In the final part of the series, the writer begins by arguing that most nations already have universal healthcare, and points out that our current obsession with capping government healthcare spending is myopic as it fails to look at the burden that diseases impose on society.

He then argues that under the SDP system, healthcare spending will be more cost-effective "because SDP’s model is patient-centric, focusing heavily on alleviating patients' hardships, improving their well-being, and preventing their future health risks". However, he does not in fact tell us how this will be the case.

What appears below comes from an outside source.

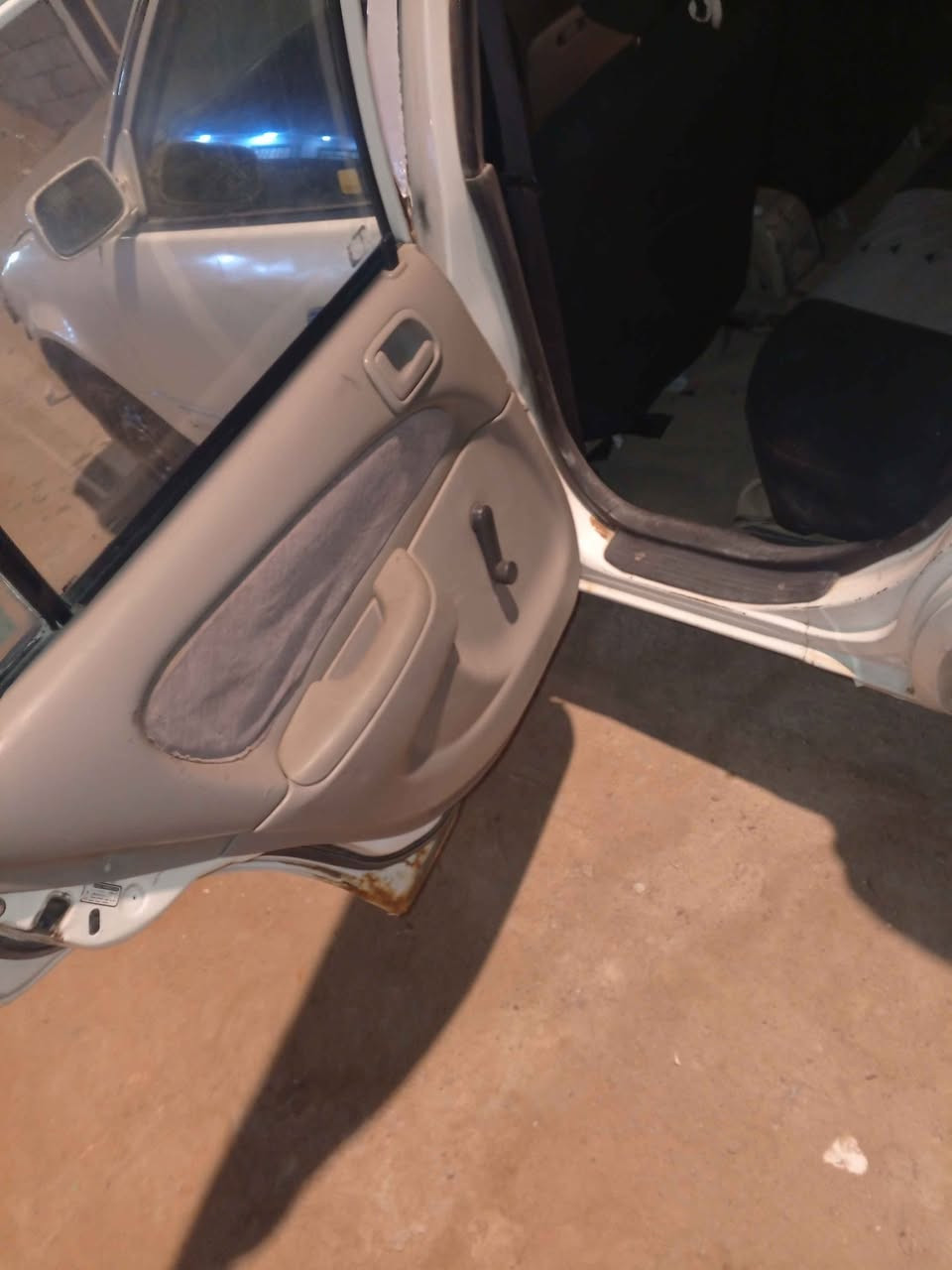 السلام عليكم  سياره  كوله مديل 97 اصولي 
رقم نكليزي بسم اخوي عنوان ابو خصيب حي عسكري سعر 35بيه مجال رقم *********** Singapore
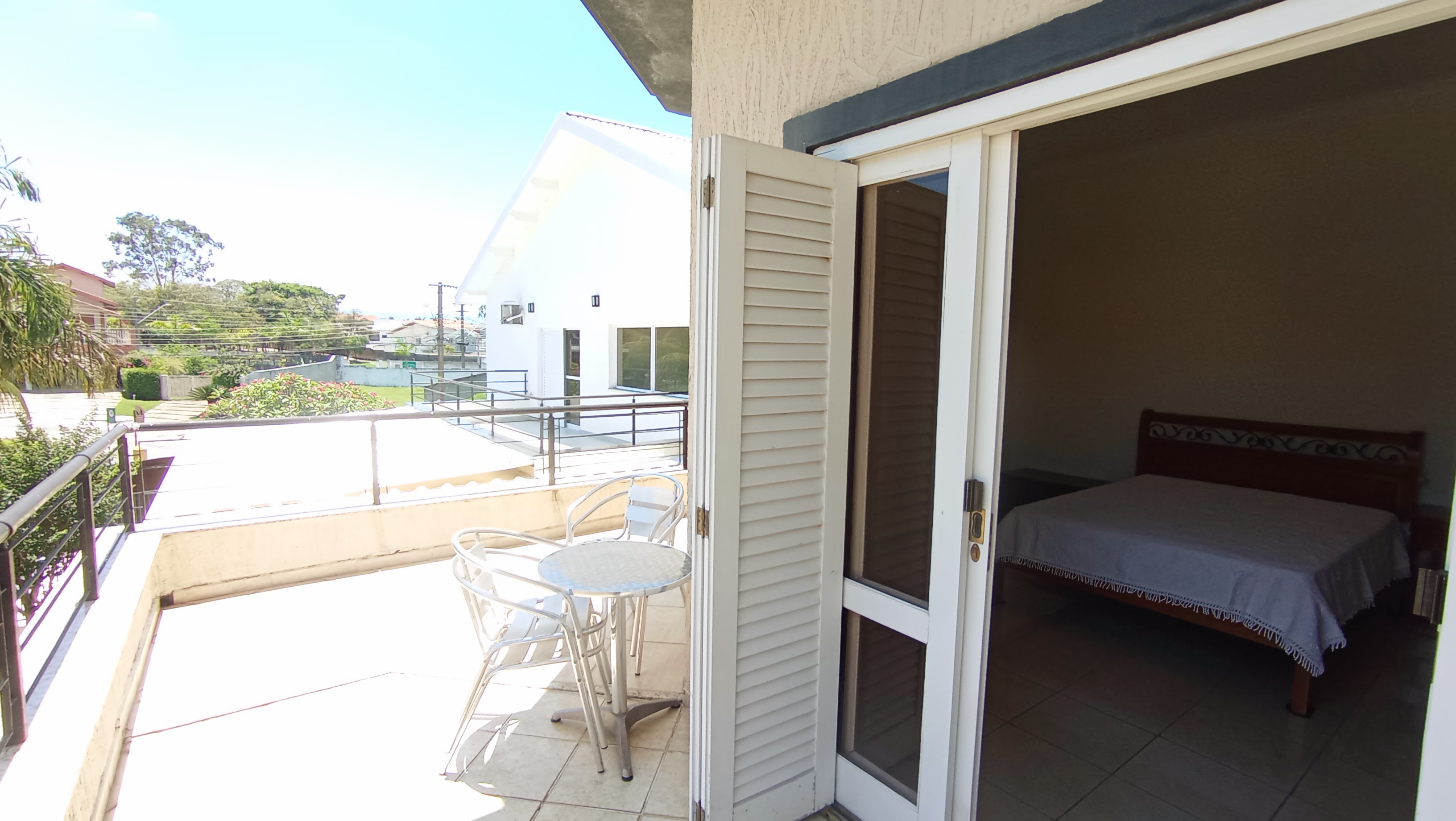 Casa à venda com 4 dormitórios no Condomínio Taubaté Village em Taubaté/SP.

With regards to sustainability of the system, the writer believes that it "is sustainable as long as the universal healthcare system gives evidence-based policies due consideration and priority".

He summarises his series into the following two points.

1. Universal healthcare coverage is a "no-brainer", but the exact features of the system should be guided by evidence and not ideology, and the system must be evaluated continually after implementation.

2. When evaluating a healthcare system, we must not look only at THE, but also at the reduction in CIHE and CIHS.

On the whole the writer's arguments follow each other: if you have a universal healthcare system, people will have better access to healthcare and better health outcomes, and this will bring you returns in the form of lower loss to the economy and society downstream. Excessive cost can be prevented because the expenditure will be guided by evidence and not ideology.

Sounds great so far (except for the points which I disputed earlier).

But while the writer claims to be non-partisan, it is clear that his argument is guided by ideology when he wrote that (emphasis mine):

"the division in Singapore over universal healthcare is actually a division between the “I” group and “We” group. The “I” group is selfishly looking at just their own world in terms of how much more they must pay, how much longer they must wait in the queue, etc.

The “We” group gives greater priority to impact of healthcare polices on society at large. They are concerned with how many more lives can be saved, by how much hardship of patients and their families can be reduced, and so on."

Given that the whole "National Healthcare Plan" is guided by ideology and aimed at - let's face it - winning votes, how much confidence can we place in the executors of this system that its operations will be guided by evidence and not ideology?

Finally, I don't really see how our current healthcare system is different from the writer's vision of a healthcare system that is "patient-centric, focusing heavily on alleviating patients' hardships, improving their well-being, and preventing their future health risks", where the government is cognisant of CIHE and CIHS, and where operations are guided (in theory) by evidence and not ideology.

Indeed, I think the only difference between the current system and what SDP is proposing is not *why* we do it, not *how* we do it, but *who* pays for it.

How you run a healthcare system can in fact have nothing to do with how you pay for it - you can have a system where individuals pay for their own healthcare but where providers are guided by evidence, and you can have a system where patients do not pay out of their own pockets but where treatment is not guided by evidence. The writer's mistake in his entire argument is that he assumes that a "universal" healthcare system where the bulk of payment is subsidised (as proposed by SDP) will mean that policies will be guided by evidence and not ideology (when in fact the two can be totally unrelated), that people will access healthcare more appropriately (something which SDP itself believes is not the case), and that CIHE and CIHS will be reduced; and the reason why he makes that mistake is, I believe, because he is guided by ideology instead of evidence.